Eis por que minha alma de luto está dilacerada pelo medo. "Oah! sobre o exército persa! Será, por ventura, esta a notícia que vai receber a cidade, a grande cidade de Susa, esvaziada de seus varões? E será que a cidadela de Quíssia ecoará Oah! Será este o lamento de uma multidão de mulheres, que rasgarão seus peplos de linho?
(...)
Corifeu - Vamos, todavia, persas. Sentemo-nos sob este pórtico antigo e reflitamos com prudência e profundamente, pois a isto nos constrange a necessidade. Qual o destino do rei Xerxes, filho de Dario, descendente daquele que emprestou seu nome à nossa raça? Terá vencido o dardo arremessado ou será que prevaleceu a lança de ponta de ferro?
(...)
Rainha - (...)Também a mim a angústia dilacera o coração e é a vós, amigos, que desejo falar neste momento, pois estou angustiada. Temo que nossa riqueza, grande em demasia, derrube com seu pé e reduza a cinzas o edifício de felicidade erguido por Dario, não sem o auxílio de algum deus. Um sofrimento inexprimível atormenta meu espírito apoiado num perigo duplo: tesouros imensos sem um homem que os defenda não conseguem da multidão nem o respeito nem a admiração e um homem sem riquezas não brilha como mereceria por seu valor. Se nossos tesouros, todavia, estão intactos, temo por nossos olhos, porque, segundo penso, o olho de uma casa é a presença de seu senhor. Assim sendo, face a tal situação, aconselhai-me persas, veneráveis Fiéis, pois é de vós que espero todos os sábios pareceres.
(...)
Rainha - Há coisas, amigos, que eu gostaria de saber. Onde dizem que fica Atenas?
Corifeu - Bem longe, no poente, onde se recolhe o rei Hélio.
Rainha - E meu filho desejava conquistar aquela cidade?
Corifeu - Sim, pois a Hélade inteira obedeceria ao Rei.
Rainha - Possuem eles então um exército numeroso?
Corifeu - Possuem, e um exército que causou muitos danos aos persas.
(...)
Rainha - E que chefe dirige e lhes comanda o exército?
Corifeu - Eles não são escravos nem súditos de ninguém!
Rainha - Como, neste caso, poderiam resitir a uma invasão inimiga?
Corifeu - Tão bem que destruíram o magnífico e numeroso exército de Dario.
Rainha - O que dizes angustia terrivelmente as mães dos que partiram.
Corifeu - Segundo me parece, em breve saberás a verdade por inteiro: vejo um homem em cuja corrida se reconhece um persa. Ele nos traz boa ou funesta uma notícia exata.
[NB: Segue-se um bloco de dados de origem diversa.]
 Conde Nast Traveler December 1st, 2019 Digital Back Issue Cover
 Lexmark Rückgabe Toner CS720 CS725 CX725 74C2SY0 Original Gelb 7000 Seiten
Mensageiro - Ó cidadãos da Ásia inteira, ó terra da Pérsia, sede de imensas riquezas, com um só golpe se destruiu uma incomparável felicidade, a flor da Pérsia tombou aniquilada!
Coro - Terríveis, terríveis novidades, sofrimento cruel. Ai! Ai! Chorai, persas, ouvindo esta desgraça.
Mensageiro - Desapareceram todos os que partiram e eu próprio, contra toda esperança, revejo a luz do retorno.
Coro - Mostrou-se, hoje, longa em demasia a existência para nós anciãos, coagidos a ouvir tamanha desdita.
Mensageiro - E é como testemunha e não repetindo palavras alheias que vos relatarei, ó persas, as desgraças que nos esperam.
(...)
Mensageiro - Um monte de cadáveres de nosso infortunados mortos cobrem as praias de Salamina e todos os seus arredores.
(...)
Mensageiro - Salamina, de todos os nomes o mais odioso de se ouvir! Ai! Provoca-me soluços a lembrança de Atenas.